▸ MATERIAL FOR THIS EXERCISE

---

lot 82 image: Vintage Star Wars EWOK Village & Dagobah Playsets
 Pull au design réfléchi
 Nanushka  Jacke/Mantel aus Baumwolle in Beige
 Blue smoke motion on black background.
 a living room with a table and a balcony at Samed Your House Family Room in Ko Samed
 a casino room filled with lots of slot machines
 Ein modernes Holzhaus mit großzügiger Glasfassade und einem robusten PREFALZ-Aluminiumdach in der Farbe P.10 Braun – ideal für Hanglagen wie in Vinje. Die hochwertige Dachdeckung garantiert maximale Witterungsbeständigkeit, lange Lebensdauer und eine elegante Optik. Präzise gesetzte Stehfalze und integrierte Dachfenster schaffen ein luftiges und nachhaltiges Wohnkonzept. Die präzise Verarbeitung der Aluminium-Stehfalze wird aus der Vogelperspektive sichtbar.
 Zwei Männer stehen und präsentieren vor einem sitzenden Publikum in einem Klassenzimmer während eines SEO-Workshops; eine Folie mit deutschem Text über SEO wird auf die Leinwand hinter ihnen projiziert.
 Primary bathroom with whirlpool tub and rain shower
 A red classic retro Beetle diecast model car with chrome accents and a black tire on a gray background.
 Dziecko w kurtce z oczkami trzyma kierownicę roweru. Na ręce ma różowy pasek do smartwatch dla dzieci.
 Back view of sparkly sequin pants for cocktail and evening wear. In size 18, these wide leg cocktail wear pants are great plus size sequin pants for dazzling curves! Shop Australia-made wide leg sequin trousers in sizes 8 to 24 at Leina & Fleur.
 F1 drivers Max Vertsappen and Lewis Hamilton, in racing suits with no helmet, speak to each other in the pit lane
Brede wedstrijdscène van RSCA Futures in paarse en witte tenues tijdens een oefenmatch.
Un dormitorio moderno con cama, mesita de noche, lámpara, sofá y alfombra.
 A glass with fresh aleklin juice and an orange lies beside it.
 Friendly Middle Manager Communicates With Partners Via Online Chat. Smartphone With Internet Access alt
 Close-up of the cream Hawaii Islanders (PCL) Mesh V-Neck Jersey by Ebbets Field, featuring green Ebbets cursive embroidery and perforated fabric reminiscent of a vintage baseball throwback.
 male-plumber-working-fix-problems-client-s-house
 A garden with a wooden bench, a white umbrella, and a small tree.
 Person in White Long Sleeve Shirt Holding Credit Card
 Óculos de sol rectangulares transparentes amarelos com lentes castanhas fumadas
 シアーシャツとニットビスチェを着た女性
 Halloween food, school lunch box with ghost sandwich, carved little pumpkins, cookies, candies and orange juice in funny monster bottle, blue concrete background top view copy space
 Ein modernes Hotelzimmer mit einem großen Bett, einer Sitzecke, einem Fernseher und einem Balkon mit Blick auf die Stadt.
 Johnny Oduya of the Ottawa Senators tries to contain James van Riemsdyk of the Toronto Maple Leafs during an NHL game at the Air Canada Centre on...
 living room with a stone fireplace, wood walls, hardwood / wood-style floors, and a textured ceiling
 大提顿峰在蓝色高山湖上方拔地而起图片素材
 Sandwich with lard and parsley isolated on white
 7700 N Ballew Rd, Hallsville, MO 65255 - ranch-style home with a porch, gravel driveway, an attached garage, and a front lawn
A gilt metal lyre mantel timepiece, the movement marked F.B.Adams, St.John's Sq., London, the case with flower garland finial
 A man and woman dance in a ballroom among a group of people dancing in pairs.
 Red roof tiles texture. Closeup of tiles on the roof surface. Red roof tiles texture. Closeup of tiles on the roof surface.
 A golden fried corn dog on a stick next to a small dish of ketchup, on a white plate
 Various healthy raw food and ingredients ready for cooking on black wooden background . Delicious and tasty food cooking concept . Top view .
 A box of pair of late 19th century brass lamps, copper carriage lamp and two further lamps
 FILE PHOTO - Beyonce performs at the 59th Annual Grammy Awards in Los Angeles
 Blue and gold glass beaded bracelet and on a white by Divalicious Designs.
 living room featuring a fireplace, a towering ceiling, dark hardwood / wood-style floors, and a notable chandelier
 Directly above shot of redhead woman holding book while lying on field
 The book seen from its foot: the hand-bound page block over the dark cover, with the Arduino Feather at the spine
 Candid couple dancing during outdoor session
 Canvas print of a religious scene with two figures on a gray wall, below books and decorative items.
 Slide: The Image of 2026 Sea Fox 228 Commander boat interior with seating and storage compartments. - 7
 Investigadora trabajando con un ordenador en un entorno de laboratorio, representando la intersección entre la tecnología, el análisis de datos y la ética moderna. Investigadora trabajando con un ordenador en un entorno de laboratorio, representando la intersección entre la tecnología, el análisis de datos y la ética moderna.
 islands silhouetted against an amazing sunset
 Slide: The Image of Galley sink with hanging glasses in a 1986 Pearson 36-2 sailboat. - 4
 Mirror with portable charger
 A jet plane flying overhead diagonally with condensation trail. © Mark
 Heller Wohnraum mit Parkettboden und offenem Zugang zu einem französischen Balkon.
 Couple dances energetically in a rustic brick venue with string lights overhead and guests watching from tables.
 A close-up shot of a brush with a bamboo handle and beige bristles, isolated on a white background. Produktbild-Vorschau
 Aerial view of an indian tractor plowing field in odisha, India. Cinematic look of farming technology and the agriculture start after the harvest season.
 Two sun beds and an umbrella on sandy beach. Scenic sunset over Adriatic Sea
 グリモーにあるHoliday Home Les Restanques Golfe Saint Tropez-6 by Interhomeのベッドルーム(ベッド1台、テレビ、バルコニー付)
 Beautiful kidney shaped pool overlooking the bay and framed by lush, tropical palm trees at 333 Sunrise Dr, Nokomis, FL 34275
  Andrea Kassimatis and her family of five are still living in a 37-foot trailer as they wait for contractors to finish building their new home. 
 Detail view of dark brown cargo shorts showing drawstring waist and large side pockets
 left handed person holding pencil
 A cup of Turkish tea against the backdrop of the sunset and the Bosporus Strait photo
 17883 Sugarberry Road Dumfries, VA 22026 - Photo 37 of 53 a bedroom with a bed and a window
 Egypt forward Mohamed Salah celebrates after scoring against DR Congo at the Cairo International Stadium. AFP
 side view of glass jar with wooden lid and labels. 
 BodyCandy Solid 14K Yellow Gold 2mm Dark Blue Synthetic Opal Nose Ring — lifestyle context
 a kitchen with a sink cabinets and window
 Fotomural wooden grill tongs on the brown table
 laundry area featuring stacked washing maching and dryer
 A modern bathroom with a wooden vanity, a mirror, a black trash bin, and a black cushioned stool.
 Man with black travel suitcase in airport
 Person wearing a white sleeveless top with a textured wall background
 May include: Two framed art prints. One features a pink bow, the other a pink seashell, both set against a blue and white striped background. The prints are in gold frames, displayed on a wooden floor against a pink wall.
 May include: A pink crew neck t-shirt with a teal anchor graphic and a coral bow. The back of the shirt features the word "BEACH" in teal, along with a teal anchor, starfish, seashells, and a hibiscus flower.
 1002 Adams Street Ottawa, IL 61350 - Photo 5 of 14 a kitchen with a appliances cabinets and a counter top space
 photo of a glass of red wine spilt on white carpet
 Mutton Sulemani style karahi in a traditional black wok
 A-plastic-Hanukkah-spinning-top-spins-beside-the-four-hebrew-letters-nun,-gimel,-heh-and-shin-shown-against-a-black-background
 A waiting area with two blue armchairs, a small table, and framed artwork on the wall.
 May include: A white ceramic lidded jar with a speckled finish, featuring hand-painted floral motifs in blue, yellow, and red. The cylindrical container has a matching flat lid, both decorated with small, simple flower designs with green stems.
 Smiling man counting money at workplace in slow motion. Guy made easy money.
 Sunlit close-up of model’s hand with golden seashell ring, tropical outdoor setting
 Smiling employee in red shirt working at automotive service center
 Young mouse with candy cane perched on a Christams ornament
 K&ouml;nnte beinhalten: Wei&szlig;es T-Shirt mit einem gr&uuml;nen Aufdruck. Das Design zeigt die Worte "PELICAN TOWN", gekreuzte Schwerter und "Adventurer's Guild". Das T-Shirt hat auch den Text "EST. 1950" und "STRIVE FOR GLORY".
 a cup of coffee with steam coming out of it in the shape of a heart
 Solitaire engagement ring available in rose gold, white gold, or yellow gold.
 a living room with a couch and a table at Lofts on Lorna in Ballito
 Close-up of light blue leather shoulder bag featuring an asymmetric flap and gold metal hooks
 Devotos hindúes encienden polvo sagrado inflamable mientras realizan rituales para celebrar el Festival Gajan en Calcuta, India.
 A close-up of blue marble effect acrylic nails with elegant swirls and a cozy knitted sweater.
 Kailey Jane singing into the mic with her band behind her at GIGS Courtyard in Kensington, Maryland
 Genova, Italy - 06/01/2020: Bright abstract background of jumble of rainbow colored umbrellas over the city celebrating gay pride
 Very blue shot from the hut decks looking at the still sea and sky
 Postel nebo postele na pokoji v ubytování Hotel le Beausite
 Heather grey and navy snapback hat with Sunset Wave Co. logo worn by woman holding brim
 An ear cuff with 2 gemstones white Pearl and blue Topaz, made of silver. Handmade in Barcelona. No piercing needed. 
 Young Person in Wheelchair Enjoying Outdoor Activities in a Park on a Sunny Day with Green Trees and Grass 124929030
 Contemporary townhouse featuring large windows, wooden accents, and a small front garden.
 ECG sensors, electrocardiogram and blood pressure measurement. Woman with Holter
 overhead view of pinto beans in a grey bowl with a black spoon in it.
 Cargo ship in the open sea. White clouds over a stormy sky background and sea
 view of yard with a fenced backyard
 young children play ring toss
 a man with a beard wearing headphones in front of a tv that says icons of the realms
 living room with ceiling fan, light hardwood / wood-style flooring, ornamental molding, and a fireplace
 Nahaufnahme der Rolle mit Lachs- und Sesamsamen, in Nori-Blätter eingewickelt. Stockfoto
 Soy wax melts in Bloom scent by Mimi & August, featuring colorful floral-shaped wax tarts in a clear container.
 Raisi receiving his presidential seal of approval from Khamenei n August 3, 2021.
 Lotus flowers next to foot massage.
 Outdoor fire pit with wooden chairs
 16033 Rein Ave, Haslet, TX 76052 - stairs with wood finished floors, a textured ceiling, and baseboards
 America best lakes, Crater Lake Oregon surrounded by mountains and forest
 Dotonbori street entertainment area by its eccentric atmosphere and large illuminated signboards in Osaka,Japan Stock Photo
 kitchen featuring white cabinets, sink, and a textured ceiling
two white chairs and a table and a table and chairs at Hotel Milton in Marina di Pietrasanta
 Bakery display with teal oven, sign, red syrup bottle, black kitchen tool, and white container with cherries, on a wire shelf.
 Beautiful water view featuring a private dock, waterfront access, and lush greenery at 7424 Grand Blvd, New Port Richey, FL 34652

---

▸ TASK TO COMPLETE
As listed above, the lines from the line with "May include: A white" to the line with "Smiling employee in" are to be echoed exactly, with both ends included and nothing added.

▸ ANSWER FOR THIS EXERCISE
 May include: A white ceramic lidded jar with a speckled finish, featuring hand-painted floral motifs in blue, yellow, and red. The cylindrical container has a matching flat lid, both decorated with small, simple flower designs with green stems.
 Smiling man counting money at workplace in slow motion. Guy made easy money.
 Sunlit close-up of model’s hand with golden seashell ring, tropical outdoor setting
 Smiling employee in red shirt working at automotive service center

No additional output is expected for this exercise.